▶ **WHAT TO WORK ON**
Repeat exactly the line containing "最后用面糊勾芡，燒至收汁，出鍋前撒點(diǎn)蔥段。" and every line after it in the entries, and nothing besides.

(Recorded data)
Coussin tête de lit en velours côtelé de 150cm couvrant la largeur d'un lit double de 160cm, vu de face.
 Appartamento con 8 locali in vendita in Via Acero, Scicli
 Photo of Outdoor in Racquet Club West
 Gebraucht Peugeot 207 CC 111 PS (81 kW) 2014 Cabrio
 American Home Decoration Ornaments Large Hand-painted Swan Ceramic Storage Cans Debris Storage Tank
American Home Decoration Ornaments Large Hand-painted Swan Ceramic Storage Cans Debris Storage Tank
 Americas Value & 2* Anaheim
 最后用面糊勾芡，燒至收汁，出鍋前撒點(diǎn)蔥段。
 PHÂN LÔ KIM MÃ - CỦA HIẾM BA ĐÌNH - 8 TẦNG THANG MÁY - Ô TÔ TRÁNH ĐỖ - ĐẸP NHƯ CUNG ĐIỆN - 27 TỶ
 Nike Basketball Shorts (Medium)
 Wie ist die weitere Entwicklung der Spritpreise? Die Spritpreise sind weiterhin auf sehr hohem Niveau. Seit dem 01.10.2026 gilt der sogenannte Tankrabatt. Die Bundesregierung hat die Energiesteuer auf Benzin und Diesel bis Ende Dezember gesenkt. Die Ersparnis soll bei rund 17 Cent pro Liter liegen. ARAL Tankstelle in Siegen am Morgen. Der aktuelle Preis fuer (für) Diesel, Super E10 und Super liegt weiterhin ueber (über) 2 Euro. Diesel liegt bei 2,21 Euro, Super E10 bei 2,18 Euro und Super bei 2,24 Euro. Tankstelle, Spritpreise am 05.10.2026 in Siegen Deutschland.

▶ **EXERCISE OUTPUT**
 最后用面糊勾芡，燒至收汁，出鍋前撒點(diǎn)蔥段。
 PHÂN LÔ KIM MÃ - CỦA HIẾM BA ĐÌNH - 8 TẦNG THANG MÁY - Ô TÔ TRÁNH ĐỖ - ĐẸP NHƯ CUNG ĐIỆN - 27 TỶ
 Nike Basketball Shorts (Medium)
 Wie ist die weitere Entwicklung der Spritpreise? Die Spritpreise sind weiterhin auf sehr hohem Niveau. Seit dem 01.10.2026 gilt der sogenannte Tankrabatt. Die Bundesregierung hat die Energiesteuer auf Benzin und Diesel bis Ende Dezember gesenkt. Die Ersparnis soll bei rund 17 Cent pro Liter liegen. ARAL Tankstelle in Siegen am Morgen. Der aktuelle Preis fuer (für) Diesel, Super E10 und Super liegt weiterhin ueber (über) 2 Euro. Diesel liegt bei 2,21 Euro, Super E10 bei 2,18 Euro und Super bei 2,24 Euro. Tankstelle, Spritpreise am 05.10.2026 in Siegen Deutschland.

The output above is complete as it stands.